Question: Obtain an expression for magnetic flux density B at the center of a circular coil of radius R, havin...

Question

Obtain an expression for magnetic flux density B at the center of a circular coil of radius R, having N turns and carrying a current $I$ .

Answer 1

Solution

This problem is based on the application of Biot-savart’s law. This law is used to determine the strength of the magnetic field at any point due to a current-carrying conductor. Biot-savart’s law for the magnetic field obeys inverse square law and the superposition principle.

Complete step by step answer:
Consider a circular coil or a circular loop of radius R, carrying current I. The circular coil consists of a large number of current elements of length $dl$ . Let the current element (AB) $Id\vec l$ .

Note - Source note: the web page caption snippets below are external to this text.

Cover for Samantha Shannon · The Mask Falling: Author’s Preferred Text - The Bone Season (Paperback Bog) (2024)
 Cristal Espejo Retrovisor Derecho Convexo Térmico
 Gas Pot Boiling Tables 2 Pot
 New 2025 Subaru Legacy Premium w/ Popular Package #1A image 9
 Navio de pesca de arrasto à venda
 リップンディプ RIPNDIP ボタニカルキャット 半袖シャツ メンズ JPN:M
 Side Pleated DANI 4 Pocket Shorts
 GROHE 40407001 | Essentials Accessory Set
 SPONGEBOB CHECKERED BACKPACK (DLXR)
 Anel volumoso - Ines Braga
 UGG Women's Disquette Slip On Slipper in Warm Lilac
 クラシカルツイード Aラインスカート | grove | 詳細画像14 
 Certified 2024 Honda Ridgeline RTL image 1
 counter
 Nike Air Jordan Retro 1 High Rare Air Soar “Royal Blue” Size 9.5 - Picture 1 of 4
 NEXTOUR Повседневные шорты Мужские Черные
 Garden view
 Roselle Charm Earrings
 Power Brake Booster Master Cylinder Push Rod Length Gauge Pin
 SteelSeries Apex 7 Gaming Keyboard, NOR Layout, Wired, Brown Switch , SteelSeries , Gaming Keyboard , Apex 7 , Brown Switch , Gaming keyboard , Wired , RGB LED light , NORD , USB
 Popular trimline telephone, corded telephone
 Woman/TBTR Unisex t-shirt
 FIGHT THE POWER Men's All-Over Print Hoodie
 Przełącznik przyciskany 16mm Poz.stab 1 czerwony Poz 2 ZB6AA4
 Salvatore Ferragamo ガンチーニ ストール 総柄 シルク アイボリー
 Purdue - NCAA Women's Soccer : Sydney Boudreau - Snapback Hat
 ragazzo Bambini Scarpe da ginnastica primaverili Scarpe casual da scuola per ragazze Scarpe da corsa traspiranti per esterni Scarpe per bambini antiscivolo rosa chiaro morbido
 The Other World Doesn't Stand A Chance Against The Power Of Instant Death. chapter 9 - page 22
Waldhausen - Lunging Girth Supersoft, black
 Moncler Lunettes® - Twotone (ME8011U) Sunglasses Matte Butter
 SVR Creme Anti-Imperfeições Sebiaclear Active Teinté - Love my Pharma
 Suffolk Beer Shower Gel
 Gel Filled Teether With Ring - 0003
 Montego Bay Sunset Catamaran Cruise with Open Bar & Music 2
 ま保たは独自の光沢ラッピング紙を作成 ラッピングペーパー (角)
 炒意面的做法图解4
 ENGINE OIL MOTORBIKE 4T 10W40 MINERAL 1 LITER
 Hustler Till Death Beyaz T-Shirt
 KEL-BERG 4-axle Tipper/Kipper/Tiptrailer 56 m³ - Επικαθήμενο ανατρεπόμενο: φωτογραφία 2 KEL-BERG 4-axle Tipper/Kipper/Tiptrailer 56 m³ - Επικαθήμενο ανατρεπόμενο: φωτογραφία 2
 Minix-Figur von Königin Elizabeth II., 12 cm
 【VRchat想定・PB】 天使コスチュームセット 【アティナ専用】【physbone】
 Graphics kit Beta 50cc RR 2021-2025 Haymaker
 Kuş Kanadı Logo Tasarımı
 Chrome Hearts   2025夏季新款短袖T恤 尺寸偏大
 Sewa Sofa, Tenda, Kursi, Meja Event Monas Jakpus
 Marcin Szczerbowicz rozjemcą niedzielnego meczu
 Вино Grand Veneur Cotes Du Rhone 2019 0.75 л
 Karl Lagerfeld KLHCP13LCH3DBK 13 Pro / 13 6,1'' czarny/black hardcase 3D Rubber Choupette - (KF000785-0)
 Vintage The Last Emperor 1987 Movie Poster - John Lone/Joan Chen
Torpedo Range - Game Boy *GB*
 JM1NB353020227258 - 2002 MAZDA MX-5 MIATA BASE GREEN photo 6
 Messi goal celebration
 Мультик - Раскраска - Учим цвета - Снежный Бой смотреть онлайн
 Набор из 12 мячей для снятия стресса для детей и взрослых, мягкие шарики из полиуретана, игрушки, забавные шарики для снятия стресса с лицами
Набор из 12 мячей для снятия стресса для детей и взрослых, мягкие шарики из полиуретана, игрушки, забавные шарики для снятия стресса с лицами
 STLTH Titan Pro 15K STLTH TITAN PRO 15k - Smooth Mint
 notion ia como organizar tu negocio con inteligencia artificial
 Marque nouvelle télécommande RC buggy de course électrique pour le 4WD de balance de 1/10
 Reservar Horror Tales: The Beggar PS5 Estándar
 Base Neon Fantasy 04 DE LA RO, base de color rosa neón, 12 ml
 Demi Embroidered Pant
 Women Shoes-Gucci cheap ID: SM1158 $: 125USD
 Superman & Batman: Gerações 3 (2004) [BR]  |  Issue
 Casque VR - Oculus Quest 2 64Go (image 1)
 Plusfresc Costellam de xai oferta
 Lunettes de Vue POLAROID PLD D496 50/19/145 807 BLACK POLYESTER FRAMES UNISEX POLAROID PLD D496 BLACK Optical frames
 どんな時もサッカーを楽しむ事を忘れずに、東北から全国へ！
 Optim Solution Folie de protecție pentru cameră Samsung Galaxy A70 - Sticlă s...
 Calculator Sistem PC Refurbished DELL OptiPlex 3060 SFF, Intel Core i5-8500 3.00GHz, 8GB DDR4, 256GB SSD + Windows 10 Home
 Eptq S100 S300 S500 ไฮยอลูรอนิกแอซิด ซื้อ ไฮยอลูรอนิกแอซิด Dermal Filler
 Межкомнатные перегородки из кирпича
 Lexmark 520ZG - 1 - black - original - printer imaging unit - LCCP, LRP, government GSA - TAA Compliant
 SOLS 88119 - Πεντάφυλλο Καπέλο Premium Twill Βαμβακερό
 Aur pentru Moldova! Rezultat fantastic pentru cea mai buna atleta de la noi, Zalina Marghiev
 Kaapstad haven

AS per Biot-savart’s law, the magnetic field at point C due to current element AB.
$\Rightarrow d\vec B = \dfrac{{{\mu _0}}}{{4\pi }}\dfrac{{Id\vec l \times r}}{{{R^2}}}$
Since the angle between $d\vec l$ and $\hat r$ is $90^\circ$ , so
$d\vec l \times \hat r = dl\sin 90^\circ$
$\Rightarrow d\vec l \times \hat r = dl$
Simplifying the above equation, it gives us,
$db = \dfrac{{{\mu _o}}}{{4\pi }}\dfrac{{Idl}}{{{R^2}}}$
Therefore, the magnetic flux at the center of a current-carrying loop
$B = \dfrac{{{\mu _o}I}}{{4\pi }} \times \dfrac{1}{{{R^2}}}\oint {dl}$
$\Rightarrow B = \dfrac{{{\mu _0}I}}{{4\pi {R^2}}}2\pi R$
$\Rightarrow B = \left( {\dfrac{{{\mu _0}}}{{4\pi }}} \right)\dfrac{{2\pi I}}{R}$
However, if the direction of the magnetic field at the center of the current-carrying loop is perpendicular to the plane of the loop and in the upward direction if the current in the loop passes anticlockwise. If a coil has N turns, then the magnetic field at the current coil its center is given by
$\Rightarrow B = \left( {\dfrac{{{\mu _o}}}{{4\pi }}} \right)\dfrac{{N \times 2\pi I}}{R}$
$\Rightarrow B = \dfrac{{{\mu _o}NI}}{{2R}}$

Therefore, An expression for magnetic flux density B at the center of a circular coil of radius R, having N turns and carrying a current $I$ is given by $B = \dfrac{{{\mu _o}NI}}{{2R}}$ .

Note:
Here $db$ is the magnetic field, ${\mu _o}$ is the absolute permeability and $dl$ is the small element length. Here the current element is a vector quantity whose magnitude equal to the product of current and length of a small element having a direction to the flow of current i.e. $Id\vec l$ .